I numeri sono impressionanti: oltre ai 10.000 disertori, l’esercito è sull’orlo di un «collasso psicologico», dicono i consiglieri militari di Obama. La disperazione ha raggiunto un livello così alto che il primo ministro iracheno, Nouri al-Maliki, sta reclutando volontari per rimpolpare l’esercito regolare. I civili vengono poi mandati sul campo di battaglia dopo una settimana di formazione sommaria. Dall’altra parte della barricata i combattenti dell’Isil (o Isis) continuano a rafforzarsi. E la maggior parte del loro equipaggiamento arriva dagli Stati Uniti, anche se il Pentagono ha fatto sapere di non poter dire con esattezza quanti e quali armi siano cadute nelle mani dei ribelli sunniti. «Il problema di fondo è che l’esercito iracheno è una formazione settaria», ha detto al Washington Post James Jeffrey, ex ambasciatore degli Stati Uniti in Iraq. «Non hanno una formazione solida. Non hanno l’equipaggiamento e l’abilità che hanno i ragazzi [dell’Isil]», ha continuato.
Anche con l’aiuto dei consiglieri militari americani la situazione interna dell’esercito regolare iracheno non cambierà presto. I funzionari lavoreranno lentamente, con piccole unità a Baghdad. All’inizio infatti dovranno fare una perizia sullo stato delle forze del Paese, cercando di capire quali sono le vere necessità per ridare forza ai militari. Per questo secondo alcuni analisti e funzionari americani, solo un importante intervento esterno potrà ribaltare la situazione ed evitare il collasso dello Stato iracheno.
Lappello di Kerry
Gli Stati Uniti forniranno un sostegno «intenso e duraturo» alle forze di sicurezza irachene, ma chiedono ai leader politici di essere uniti contro la minaccia jihadista: è il messaggio lanciato dal segretario di Stato americano, John Kerry, al premier iracheno, Nuri al-Maliki, nel corso di un incontro a Baghdad. Un faccia a faccia senza tanti convenevoli, durato un’ora e 40 minuti, che è stato l’occasione per il capo della diplomazia Usa per fare pressioni a favore di una maggiore unità e inclusività delle forze politiche irachene che si dovrebbe tradurre in un governo di unità nazionale. «È un momento critico per il futuro dell’Iraq», ha avvertito Kerry, esortando i leader iracheni a «stare uniti contro i miliziani» dello Stato islamico dell’Iraq e del Levante (Isis). Da parte loro, gli Stati Uniti forniranno un sostegno «intenso e duraturo» alle forze di sicurezza irachene, per permettere loro di fronteggiare la minaccia.
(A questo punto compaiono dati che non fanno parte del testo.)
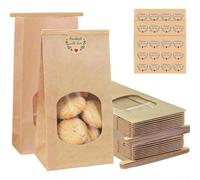Sacs à pain en papier marron avec fenêtre transparente bords roulés et joint en tôle métallique pour applications de boulangerie maison
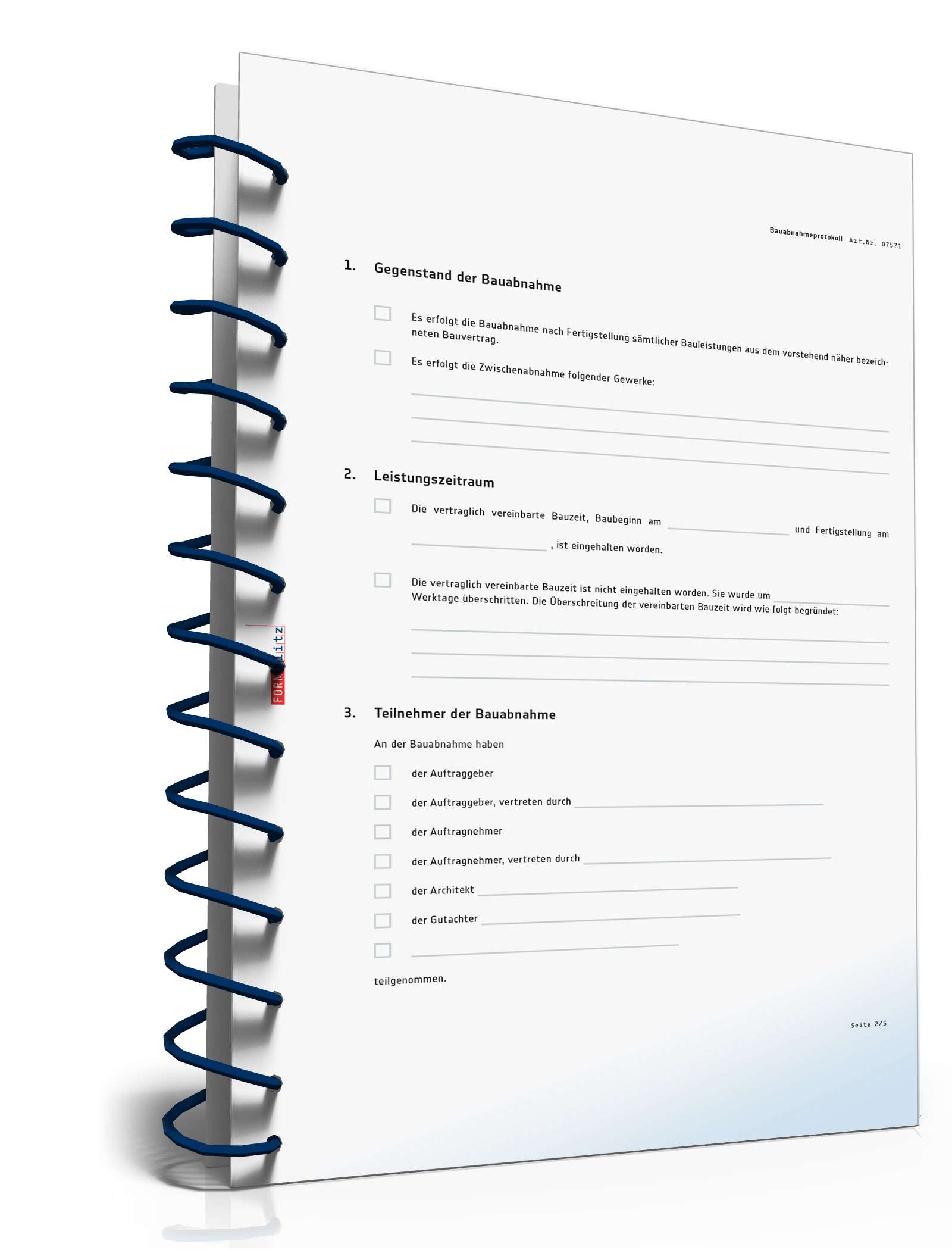 Bauabnahmeprotokoll PDF. Seite: 2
Nessun Paese, neanche gli Stati Uniti, ha il diritto di scegliere chi governa in Iraq, «questo spetta al popolo iracheno», ha sottolineato Kerry, respingendo nuovamente l’accusa di voler decidere il nuovo assetto iracheno. Nel corso dell’incontro, ha aggiunto, al-Maliki ha confermato il suo impegno a formare il primo luglio un nuovo governo.
Gli Stati Uniti hanno più volte ribadito che non invieranno uomini a combattere nel Paese mediorientale, dal quale si sono ritirati nel 2011, insistendo che la soluzione del problema non può essere esclusivamente militare. Finora, Washington si è limitata a inviare 300 militari, sottolineando più volte la necessità che Baghdad promuova l’unità tra le forze politiche irachene con un governo inclusivo. Sebbene abbia respinto l’accusa di voler decidere il nuovo governante iracheno, Washington ha di fatto abbracciato le critiche contro la politica settaria portata avanti dallo sciita al-Maliki, che si è alienato il favore di sunniti e curdi.